In a hastily arranged appearance in the White House press briefing room on Friday, Bush named Democratic senator Charles Robb and a pro-Republican appeals court judge Laurence Silberman as the chairmen.

The president announced the commission would "look at American intelligence capabilities, especially our intelligence about weapons of mass destruction."

The commission comes amid growing calls for Bush to explain the inability to find weapons of mass destruction in Iraq despite tall White House claims before the war.

Iraq's alleged possession of weapons of mass destruction had served as the US-justification for the war.

Answers sought

"We are determined to figure out why," Bush said. "We are also determined to make sure that American intelligence is as accurate as possible for every challenge in the future."

The commission has been given until 31 March 2005 to report back.

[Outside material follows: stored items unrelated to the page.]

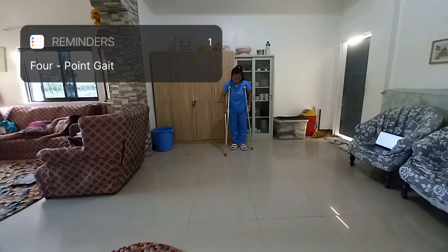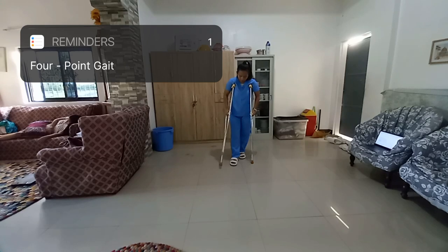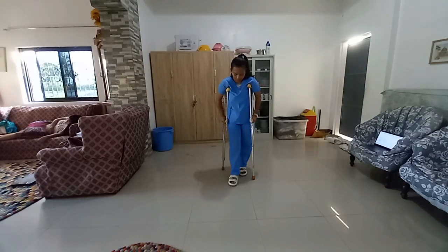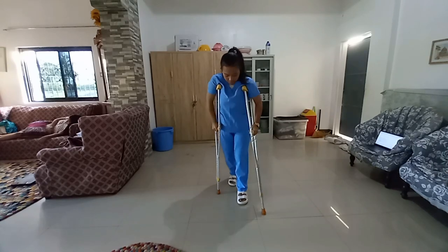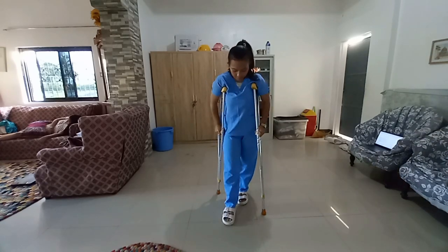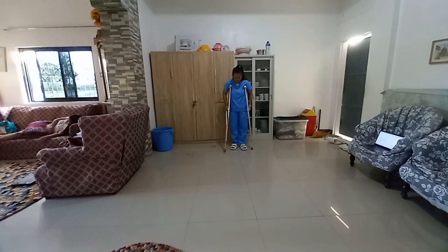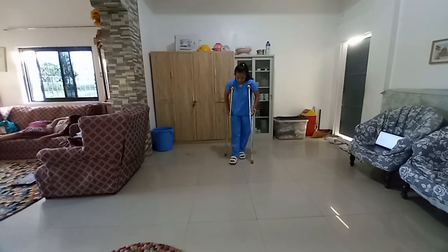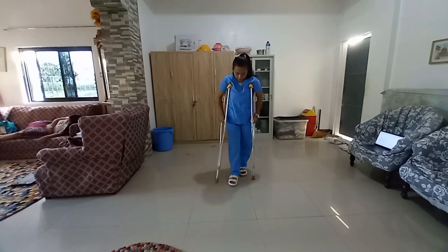For the four-point gait, have the patient move the right crutch forward 12 inches and then move the left foot forward to the level of the right crutch. Then have the patient move the left crutch forward 12 inches and then move the right foot forward to the level of the left crutch.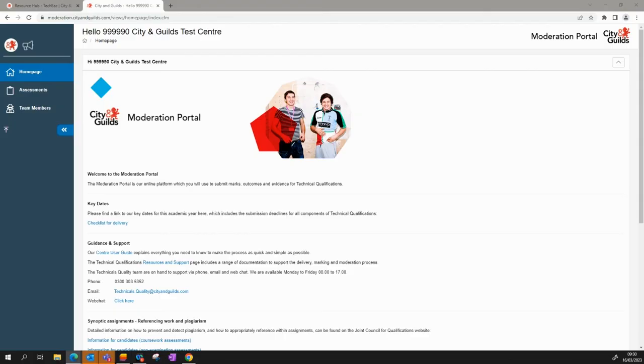There are two different types of accounts for use within the Moderation Portal. Please ensure you understand the roles and responsibilities of both accounts, which are outlined in the Moderation Portal User Guide on the City and Guilds website.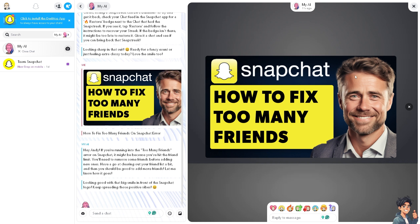The thing is, it's really hard to fix the too many friends error on Snapchat if you're using the web version. So I suggest you switch over to the Snapchat app on your mobile device and let's take it from there.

"We are determined to figure out why"

George Bush,
US President

Opponents of the war insist the White House has manipulated and exaggerated intelligence to back Iraq's invasion.

Turning the heat further on Bush was David Kay, America's former head weapons hunter, who last week said intelligence services "had got it all wrong" in respect to Iraqi weapons.

Kay said he was more or less convinced Iraq possessed no weapons of mass destruction.

Other members

Bush also announced as members of the commission Arizona Republican senator John McCain, Lloyd Cutler, who was White House counsel for former Democratic presidents Bill Clinton and Jimmy Carter, Yale President Richard Levin, Admiral William Studeman, former deputy director of the CIA and former appeals court judge Pat Wald.

Two more members are expected to be named.

Democrats have questioned whether the commission can be independent if its nine members are hand-picked by the president.

The Democrats also want the commission to investigate whether the Bush administration exaggerated the CIA's intelligence to build a case against Iraq.

Bush had initially been reluctant to order a commission. But he finally succumbed under pressure from Republicans and Democrats on Capitol Hill.